Finalizo com citação de Maroni:

Todo esse percurso psicológico sugere-me um refletir sobre si mesmo, um curvar-se, uma dobra. É dessa dobra que emerge o homem espiritual para Jung: um homem capaz de apreender em grande parte o seu padrão (energético) imagético, poético, arquetípico… Este estado lhe garante liberdade, flexibilidade, variabilidade, imprevisibilidade e, em especial, espiritualidade”. (4)

Notas:

1- RUDHYAR, Dane. Da Astrologia Humanista à Astrologia Transpessoal, Rio de Janeiro, Antares, 1985. Pág 12.

2 – GAD, Irene. Tarot e Individuação: correspondências com a cabala e alquimia, São Paulo, Mandarim, 1996. Pág 135.

3- GAD, Irene. Pág 136.

4- MARONI, Amnéris.

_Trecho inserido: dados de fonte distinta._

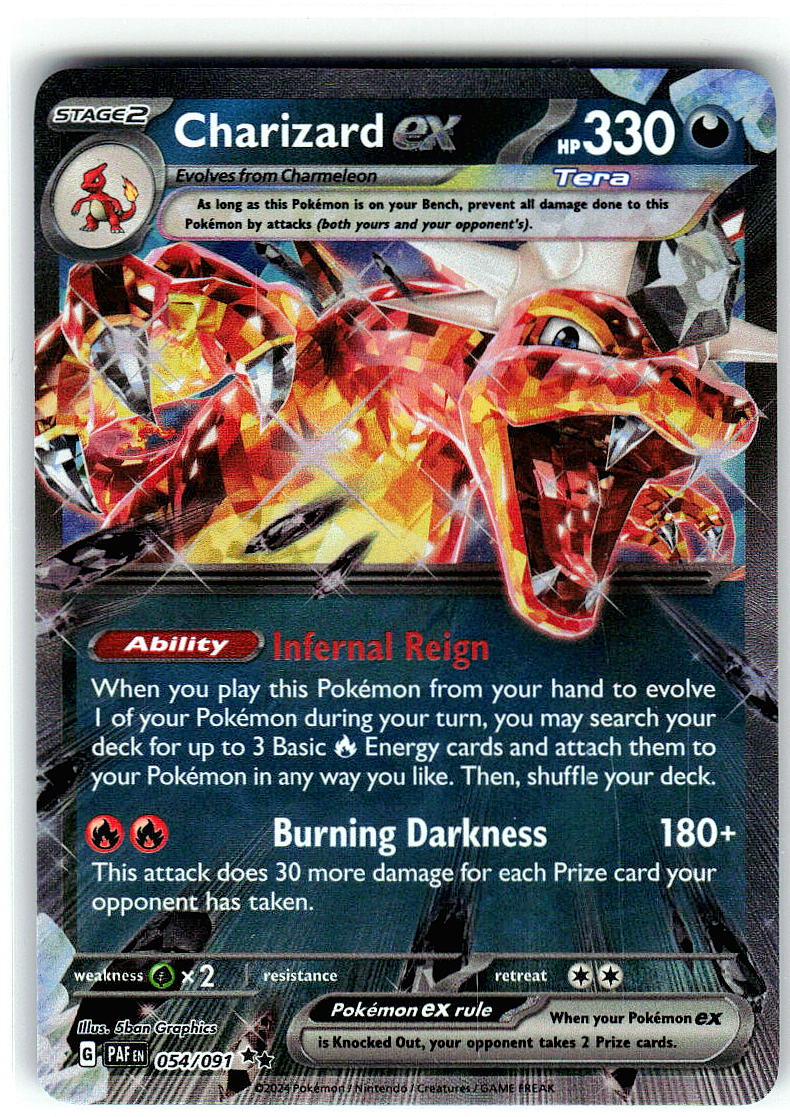 Charizard ex 054/091 Double Rare Paldean Fates Pokemon Holo Near Mint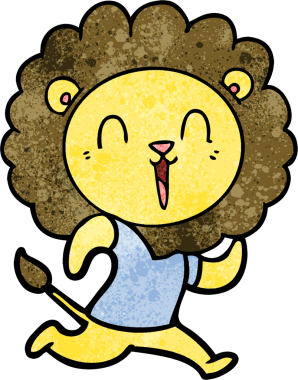 Bir insan tarafından çizilmiş gülen aslan çizgi filmi.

Figuras da Imaginação – Buscando compreender a psique.

São Paulo, Summus, 2001. Pág 141.

Tereza Kawall é paulista, iniciou seus estudos de Astrologia no Rio de Janeiro com Antonio Carlos Bola Harres, em 1977. Colaboradora das revistas Bons Fluídos e Planeta, é co-autora do Livro: ” Astrologia, doze portais mágicos”, lançado em 2001. É psicóloga clínica com orientação junguiana, com pós graduação em Psicossomática.